What you should do:
The lines from the one with "Chrome Hearts SILVER" through the last line of the material below, copied exactly and free of pictures, make up the whole answer.

Dataset section:
※

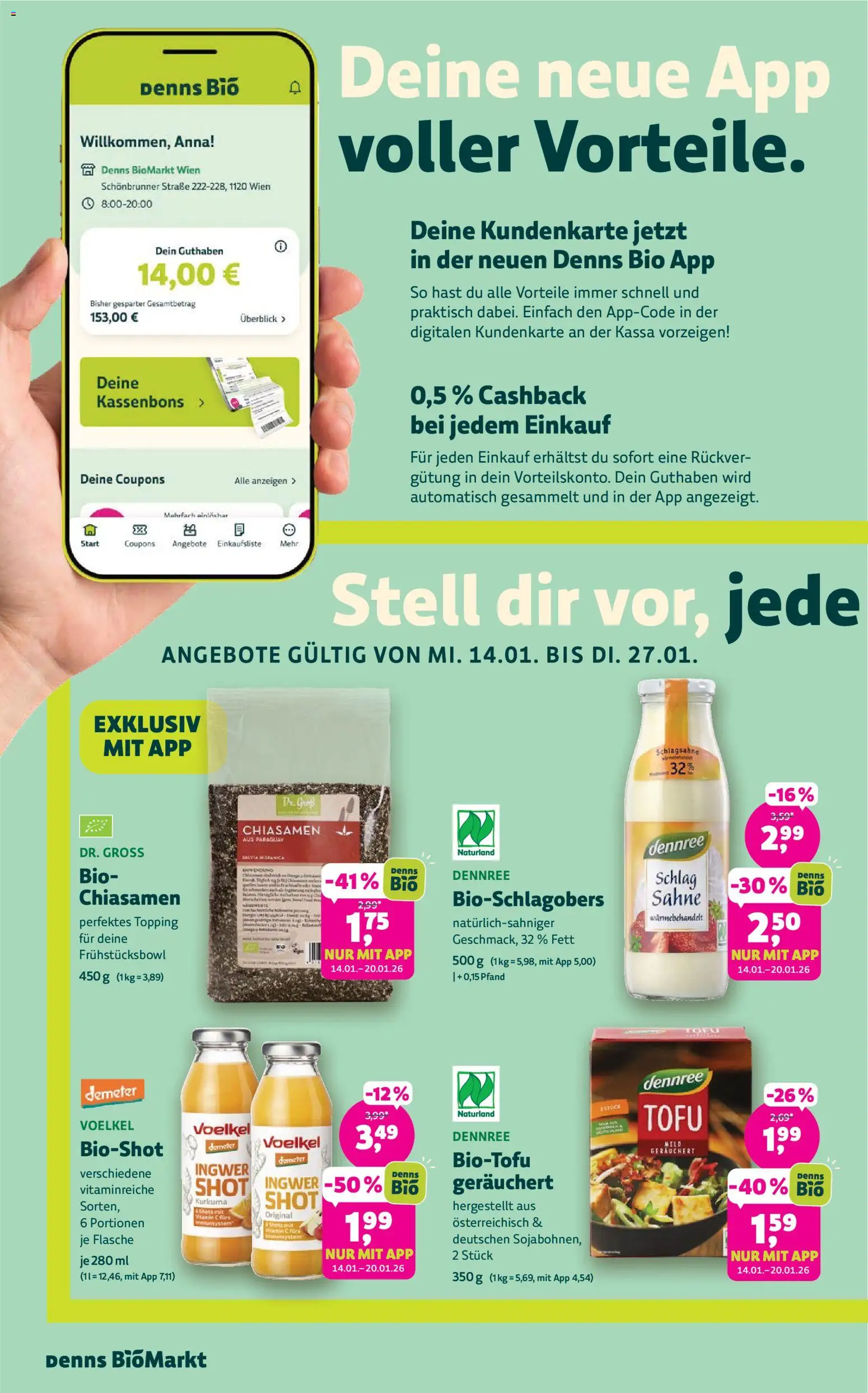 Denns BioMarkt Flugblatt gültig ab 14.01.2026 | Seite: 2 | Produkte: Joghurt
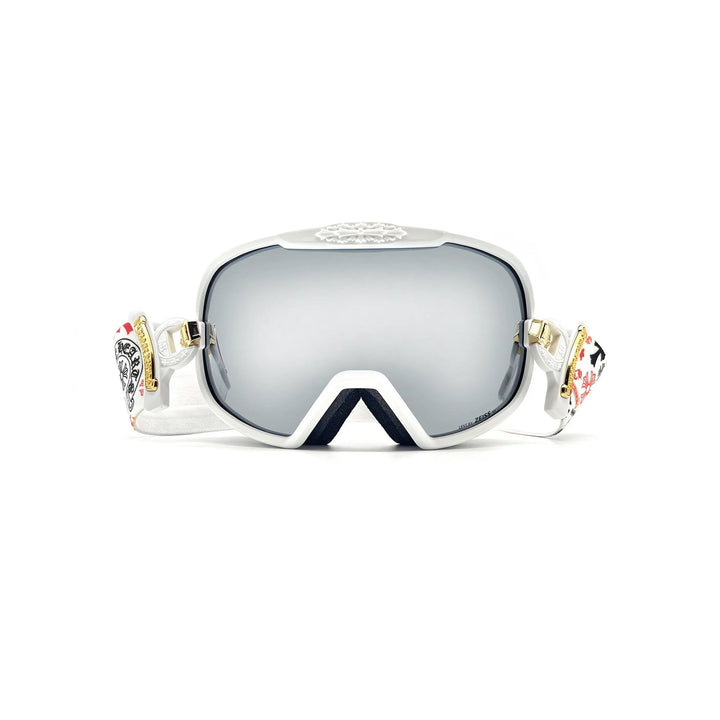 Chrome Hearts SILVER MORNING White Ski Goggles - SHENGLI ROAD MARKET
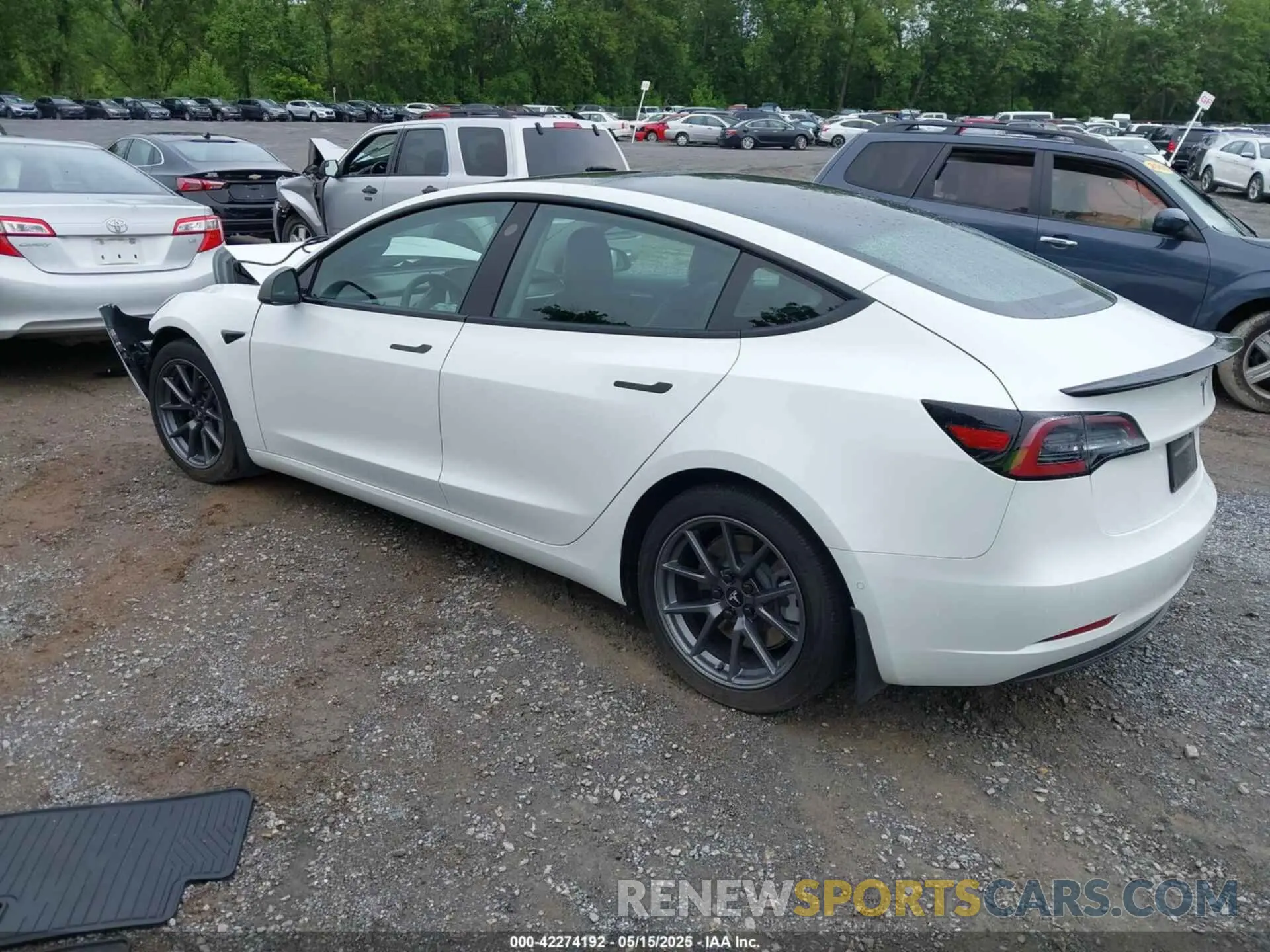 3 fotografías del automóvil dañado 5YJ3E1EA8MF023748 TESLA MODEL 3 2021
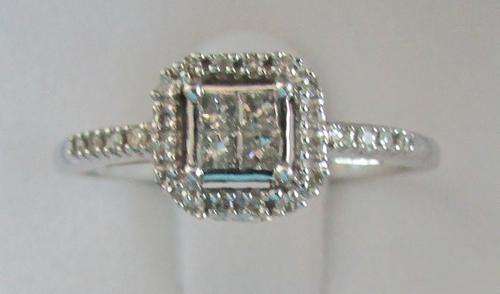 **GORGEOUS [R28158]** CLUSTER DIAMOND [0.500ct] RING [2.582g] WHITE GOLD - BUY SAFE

※

Result for this exercise:
 Chrome Hearts SILVER MORNING White Ski Goggles - SHENGLI ROAD MARKET
 3 fotografías del automóvil dañado 5YJ3E1EA8MF023748 TESLA MODEL 3 2021
 **GORGEOUS [R28158]** CLUSTER DIAMOND [0.500ct] RING [2.582g] WHITE GOLD - BUY SAFE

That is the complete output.